Looks like you have too much time on your hands which could end up in another spending spree

Have you seen the San Remo Roma for sale ?


----------



## 4085 (Nov 23, 2012)

Andrew, unless it has a lever, then it is not for me. Having had 2 high end pumps recently, it has just confirmed by belief that they should be used for emptying water out of ponds and not making coffee


----------



## michaelg (Jul 25, 2013)

I say drop it in, shot glass and all like a jägerbomb. Or don't...


----------



## hotmetal (Oct 31, 2013)

michaelg said:


> I say drop it in, shot glass and all like a jägerbomb. Or don't...


Quality! I want to see the "depth charge" latte art that results&#8230;


----------



## Wando64 (Feb 28, 2011)

Surely the Latte Art is not the issue here.

The main difference is whether your microfoam tastes of coffee (in the case of milk carefully poured onto a shot) or whether it tastes of milk (in the case of a shot pulled onto a cup of milk, and presumably just sinking through the milk foam).

In the case of the latter, the definition Latte Macchiato is the one that I remember from my youth in Italy (I don't think anyone does this anymore).


----------



## garydyke1 (Mar 9, 2011)

dfk41 said:


> Andrew, unless it has a lever, then it is not for me. Having had 2 high end pumps recently, it has just confirmed by belief that they should be used for emptying water out of ponds and not making coffee


Funny that , I was about to clean an old pond out using some jampit : )


----------



## 4085 (Nov 23, 2012)

garydyke1 said:


> Funny that , I was about to clean an old pond out using some jampit : )


Send it to me afterwards Gary, and I will wash it and see if I can re use it. Might improve it eh?

Anyway, I do not know where this fuelled thought comes from that I only drink Jampit.........Boots probably. I drink lots of different coffee........just none of yer light stuff


----------



## Mrboots2u (May 10, 2013)

garydyke1 said:


> Funny that , I was about to clean an old pond out using some jampit : )

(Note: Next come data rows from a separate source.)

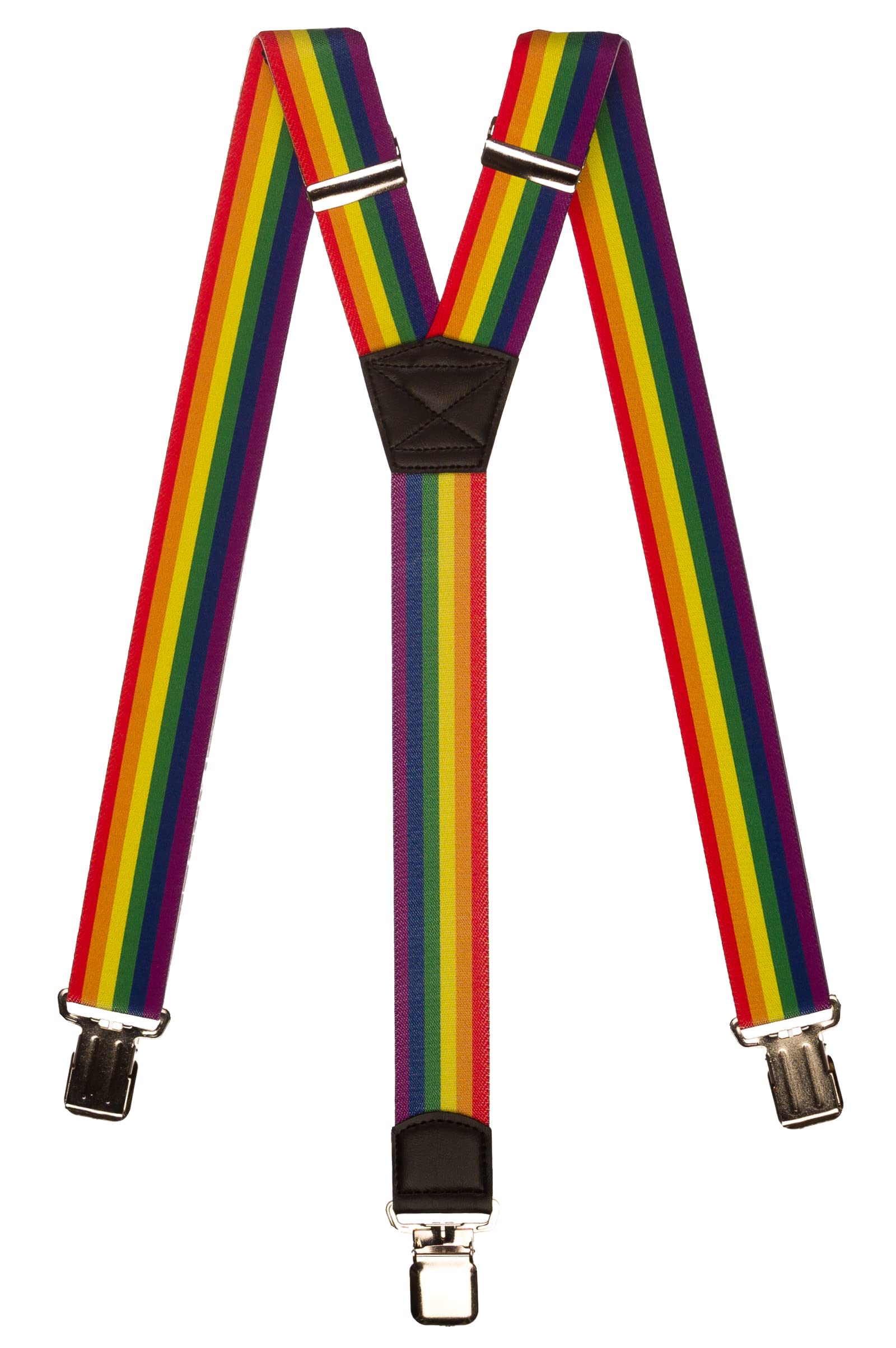 Olata Unisex Fully Adjustable Clip On Rainbow Braces/Suspenders. 2.5cm, Y-Shape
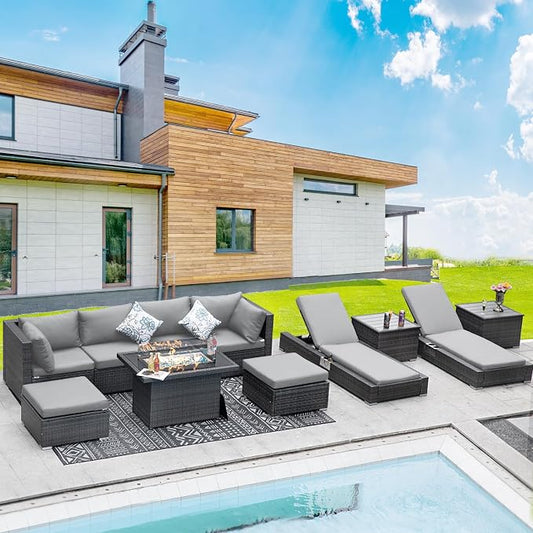BULEXYARD 11 Piece Large High Back Grey Rattan Patio Furniture Sets with Firepit Table and Loungers, Comfortable Extra Deep Wide Seat Outdoor Sectional Conversation Couch Sofa Modualr, Light Gray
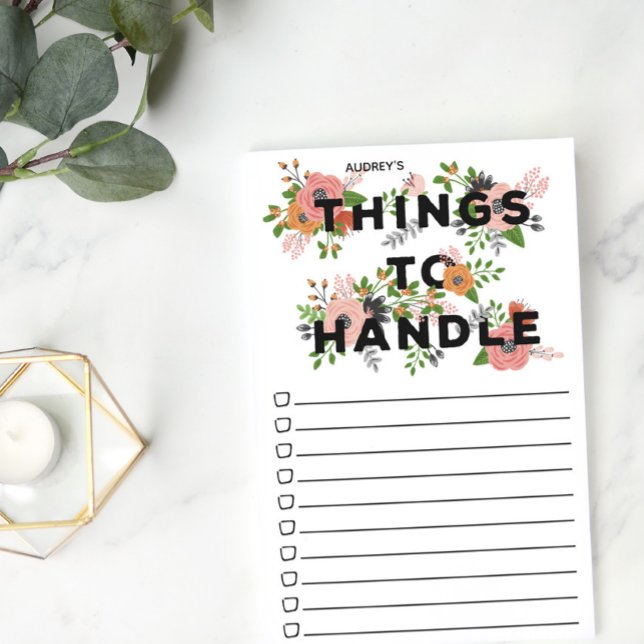 Pink Floral Things to Handle - Checkbox Name Post-it Notes (Creator Uploaded)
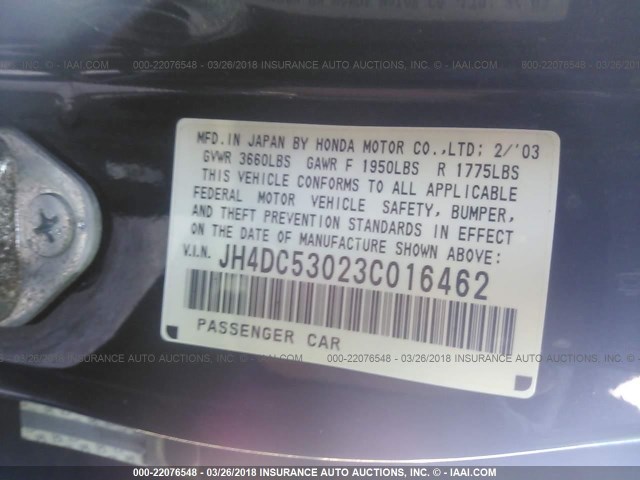 JH4DC53023C016462 - 2003 ACURA RSX TYPE-S BLACK photo 9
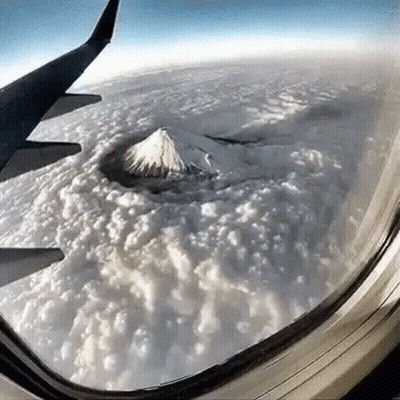 Mountain View From Airplane Window GIF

Is that the washed process


----------



## michaelg (Jul 25, 2013)

Mrboots2u said:


> Is that the washed process


I hear for optimum flavour you have to select the ones that the goldfish shat out.


----------



## garydyke1 (Mar 9, 2011)

Mrboots2u said:


> Is that the washed process


Indo washed? A novel idea. They currently save their precious water for better uses .


----------



## Mrboots2u (May 10, 2013)

dfk41 said:


> Andrew, unless it has a lever, then it is not for me. Having had 2 high end pumps recently, it has just confirmed by belief that they should be used for emptying water out of ponds and not making coffee


I really believe you think this is true ( for today at least .....)


----------



## 4085 (Nov 23, 2012)

You are a lever traitor. Everyone knows I bought the GS and Vesuvius out of pity and thankfully things rectified themselves quickly. There are no words to describe you boots, other than Judas


----------



## Mrboots2u (May 10, 2013)

dfk41 said:


> You are a lever traitor. Everyone knows I bought the GS and Vesuvius out of pity and thankfully things rectified themselves quickly. There are no words to describe you boots, other than Judas


Yes I am a traitor to an inanimate object and or concept of making coffee ....

Send me to coffee prison

First world problems eh


----------



## 4085 (Nov 23, 2012)

You would not like it in prison, a good looking young boy like yourself. Convert back whilst you have the chance


----------



## michaelg (Jul 25, 2013)

Mrboots2u said:


> Yes I am a traitor to an inanimate object and or concept of making coffee ....
> 
> Send me to coffee prison
> 
> First world problems eh


Three years of drinking instant - Aldi's own brand too. No milk or sugar allowed either. If you behave you might be allowed onto Lavazza and a chipped Bodum cafétière halfway through your sentence.


----------



## cappuccino crackers (Mar 12, 2014)

getting back to the original question, when i first started drinking coffee on my first espresso machine this is how i used to do it. purely as i didnt have to wash a jug. 2nd. you taste milk at first then the coffee after. born out of lazyness really.


----------



## Bigpikle (Oct 14, 2014)

Well, just tried it for the sake of it....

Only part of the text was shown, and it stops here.